Life in the NBA is an ongoing education; even the stars of the league are asked constantly to adapt—to find their place in things, and then find it again, and again, and again. That’s particularly true for Irving, who has wandered from contender to contender in search of the person and player he’s supposed to be. 

“I’m grateful because it wasn’t an easy road,” he says, “and I was able to grow as a person as quick as I was growing as a player.” The Mavericks simply wouldn’t be here otherwise. Their path to the Finals was paved with Luka stepbacks, well-coordinated defense, pitch-perfect role players, and more lob dunks than any other playoff team could muster. It was charted, however, by the hard-won lessons of the most experienced player on the roster. Irving didn’t just find his way back to the Finals after seven years in the wilderness. Contrary to his reputation, he brought the Mavericks with him.

If Luka is the organizing principle of the Mavericks, then Kyrie is their means of stability. You can feel it when the shot clock winds down and teammates—Doncic included—scan the court to find Irving. You can see it in the ease of a possession when Kyrie is stationed just a pass away, making any trap or double-team an act of defensive self-destruction. It comes out in the burgeoning confidence of so many younger Mavericks who are navigating the first postseason of their careers with his guidance, and the assurances Irving gives to veteran role players when their games start to wobble.

“I think they look to me for that sense of calmness, that sense of peace,” he says. And that they find it in Irving, of all people, is a striking reflection of how much has changed. “It’s just his energy,” Daniel Gafford says. “His aura.” The word aura comes up quite a bit when Irving’s teammates describe his impact—speaking to something bigger than his professional reputation and more metaphysical than simple respect. It’s a glow, unmistakable and emanating outward, and it took Irving years to figure out what to do with it. “When you’re 24 or 23 years old, you feel like you’re a leader,” Irving says. “But you don’t know what it really takes to run an organization—or really touch guys on and off the court, where you give them a lot of confidence and you exude that belief in them.”

This is a radically different tack from when Kyrie played in Boston six years ago. Even he agrees that some of the criticism of his tenure there is fair; it was startling, even then, how much bile burbled up from the Celtics locker room under his leadership.

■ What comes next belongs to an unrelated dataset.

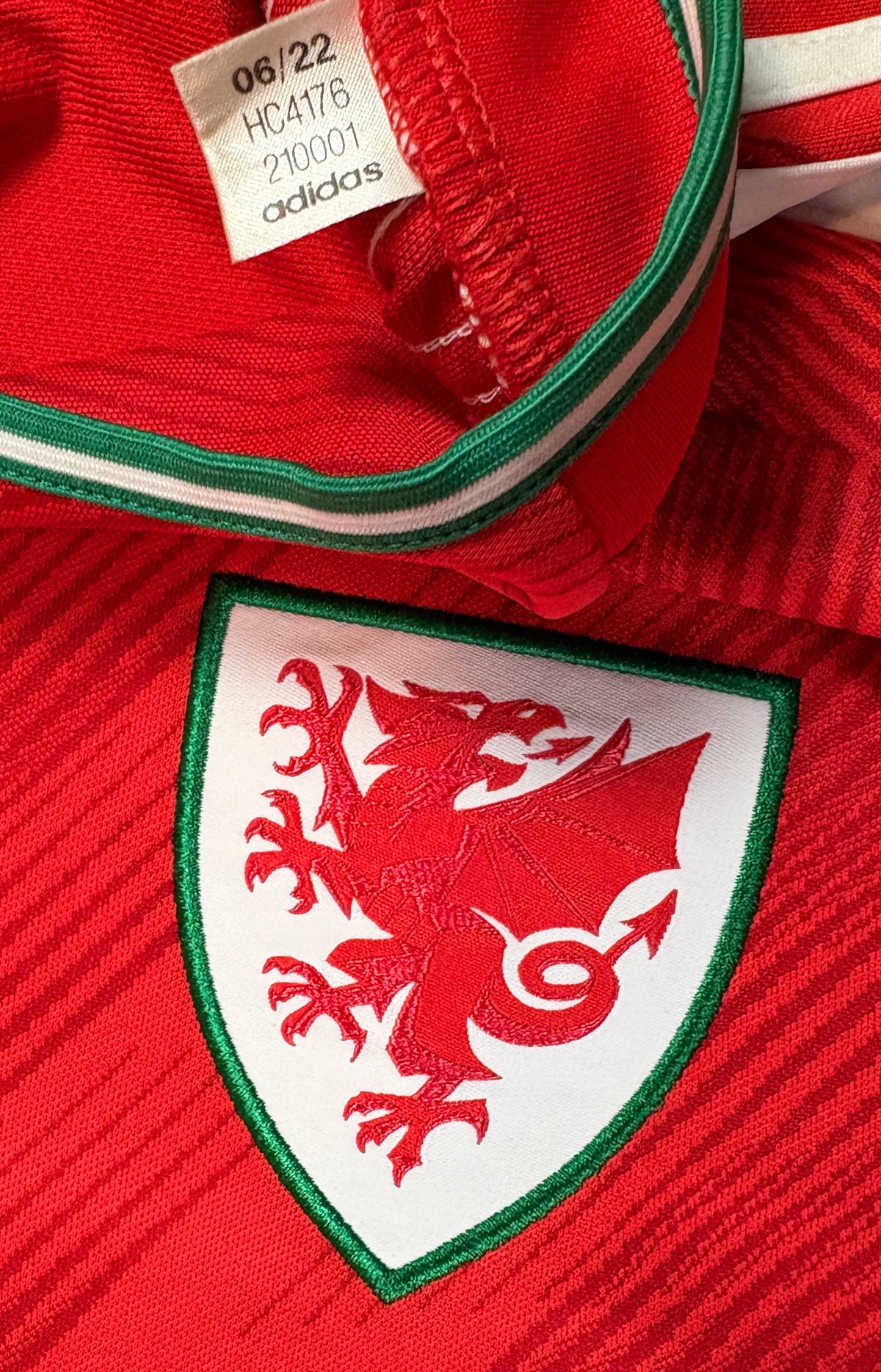 Wales 2022 Home Adidas Football Shirt Small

What began with a devastating opening-night injury to Gordon Hayward quickly devolved into infighting and defensiveness. After a bad road trip in his second season in Boston, Irving—then just 26 years old himself—crowed for more veteran help on the team, which had a fledgling Jayson Tatum and Jaylen Brown. After a tough loss, Irving again bemoaned his team’s lack of experience.

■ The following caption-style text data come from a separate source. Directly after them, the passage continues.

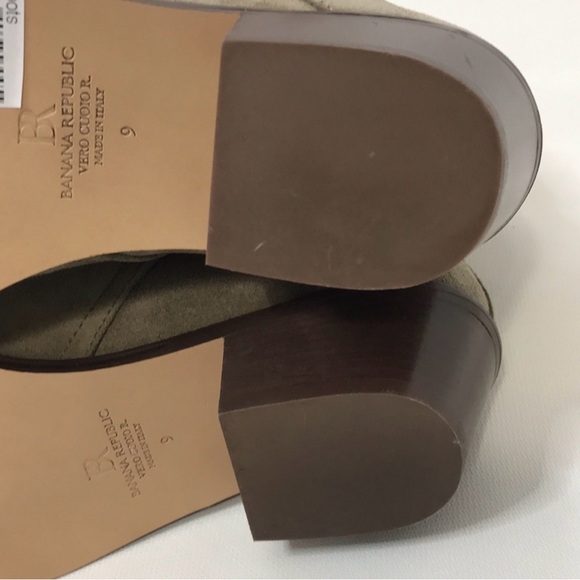 NWOB banana republic Stella suede bootie size 9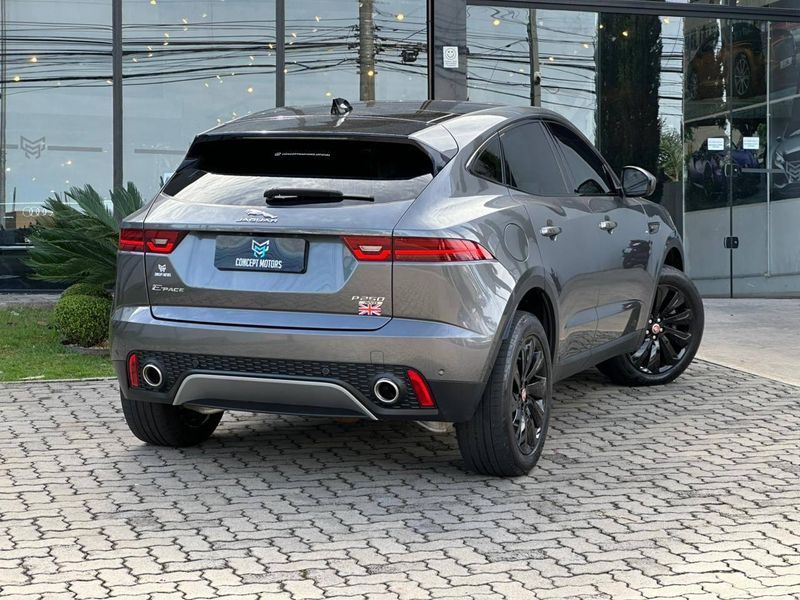 Jaguar E-Pace R-Dyn SE 2.0 AWD 250cv Aut/Flex. 2018/2018 CONCEPT MOTORS PASSO FUNDO / Carros no Vale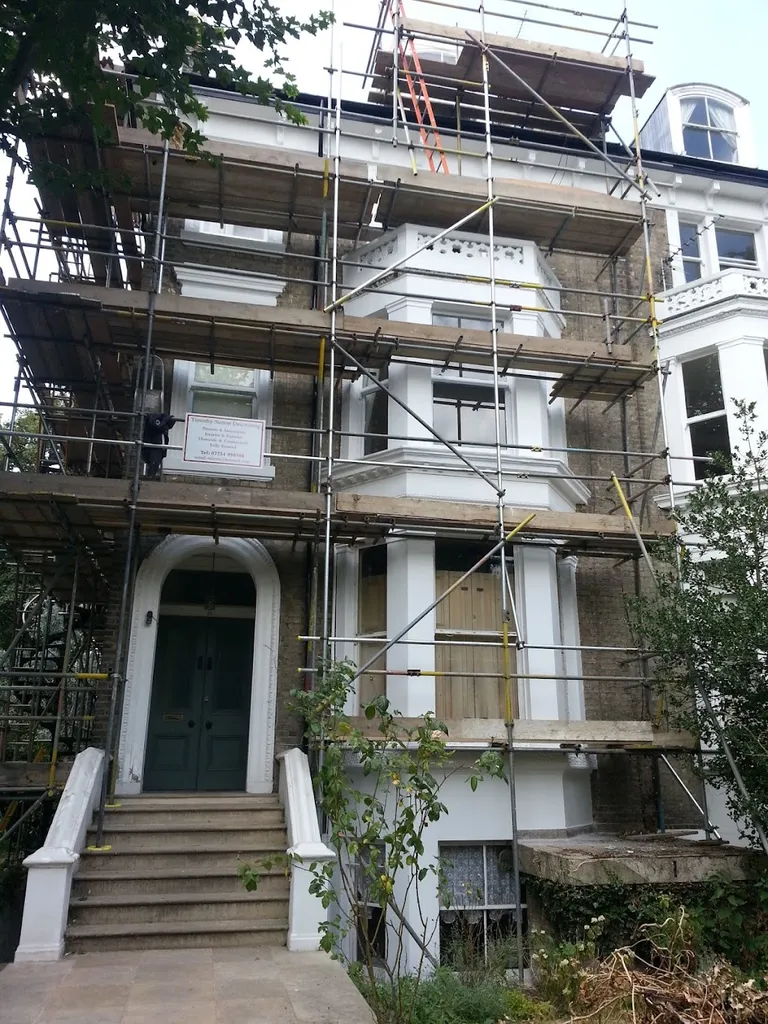 Timothy Sutton Decorating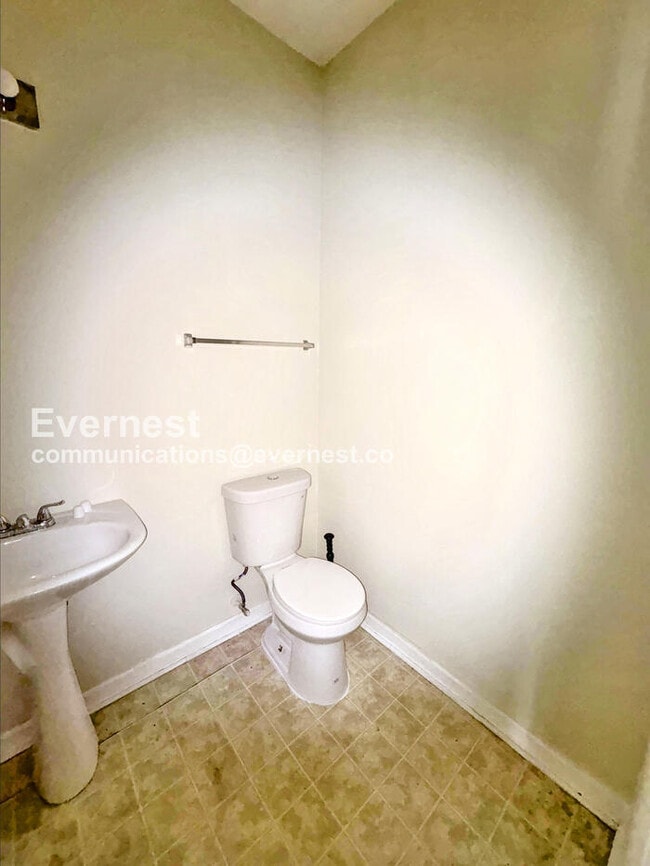 Building Photo - 7688 Creekside Ln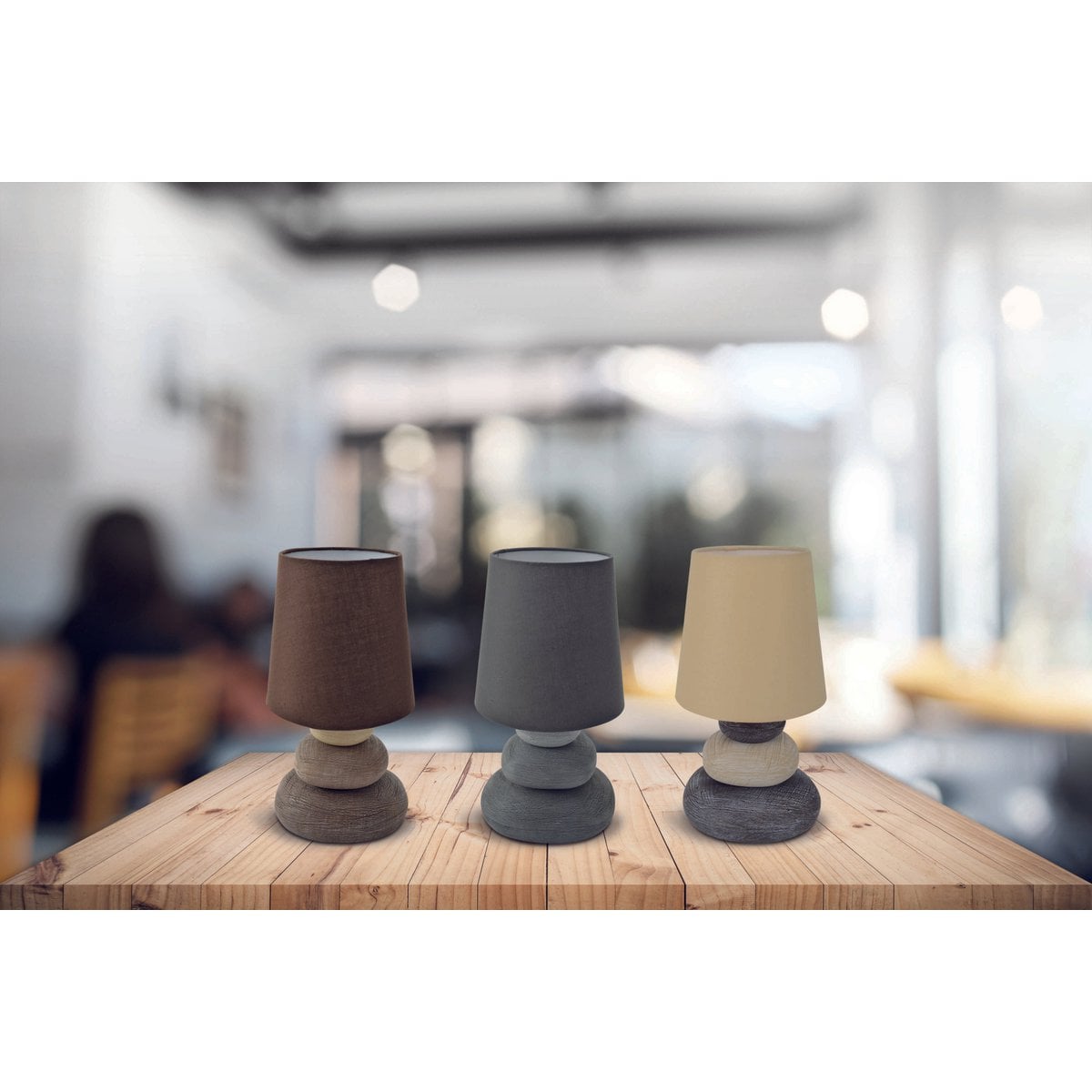 Lampe Stoney allumée dans un salon moderne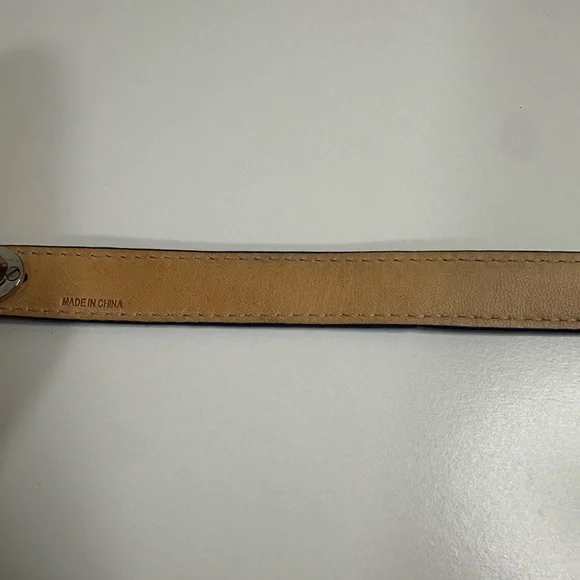 Coach Blue Wraparound Leather Bracelet with a Silver Plated Turnlock - Picture 11 of 13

“What’s the big picture?” Irving asked in January 2019. “What are we doing here? These are a lot of things that I don’t think some of my teammates have faced, just every single day. It’s not easy to be great. So the things you’re doing, that you’ve done your entire career, of being able to coast by in certain situations and you’ve gotten away with your youth and stuff like that—being on a championship ball club, you can’t get away with that.” By his second season in Boston, Irving had called LeBron to apologize for once having been the young player who wanted more—and perhaps for underestimating what carrying the weight of a franchise really feels like. 

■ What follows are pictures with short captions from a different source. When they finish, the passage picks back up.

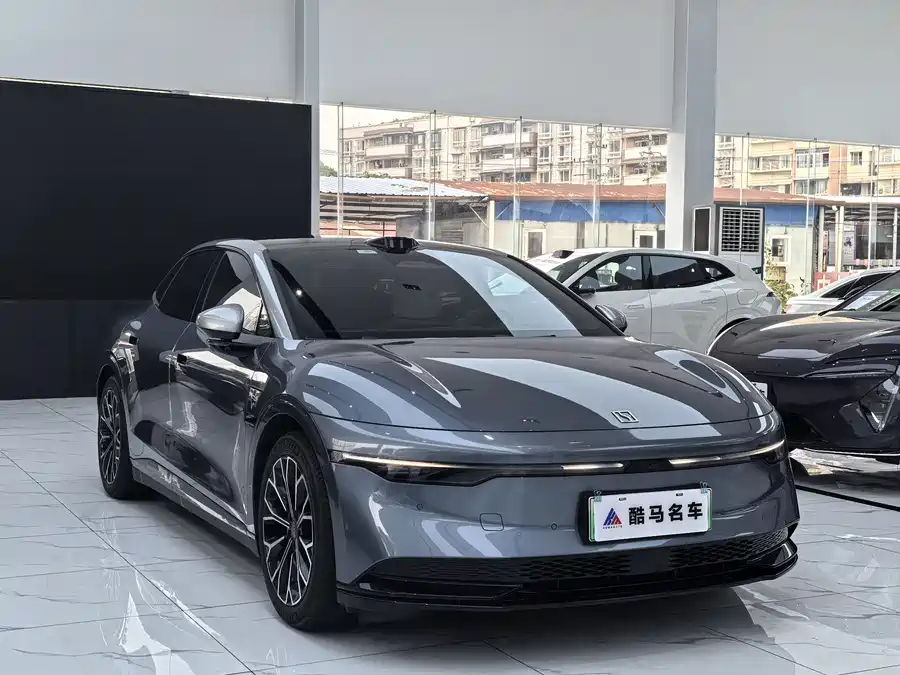 Zeekr 007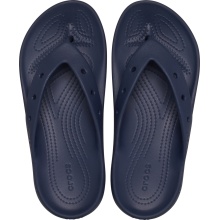 Crocs Zehensandale Classic Flip V2 (leichtes, schwimmfähiges Croslite-Schaummaterial) navyblau - 1 Paar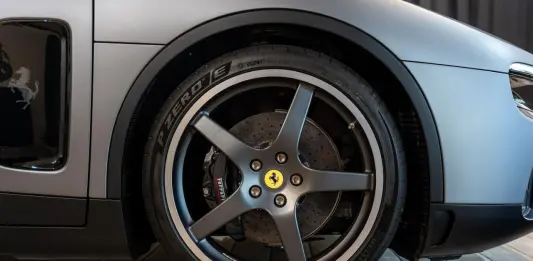Pirelli porta a Goodwood la famiglia P Zero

“The greatest thing I learned from Boston was just being able to manage not only my emotions, but just what’s going on on a day-to-day basis of being a leader of a team, or being one of the leaders—and having young guys around you that have their own goals,” Irving says. “But you have to learn how to put the big picture first. Leaving those guys, JT and JB and some of the guys that are still remaining on that team, like Al Horford, … we had a great time to bond, a great time to go through some tough times—not just on the court. I know in due time, a lot of that full story will come out when it’s appropriate. But I had a great time in Boston just being able to learn and grow as a person.”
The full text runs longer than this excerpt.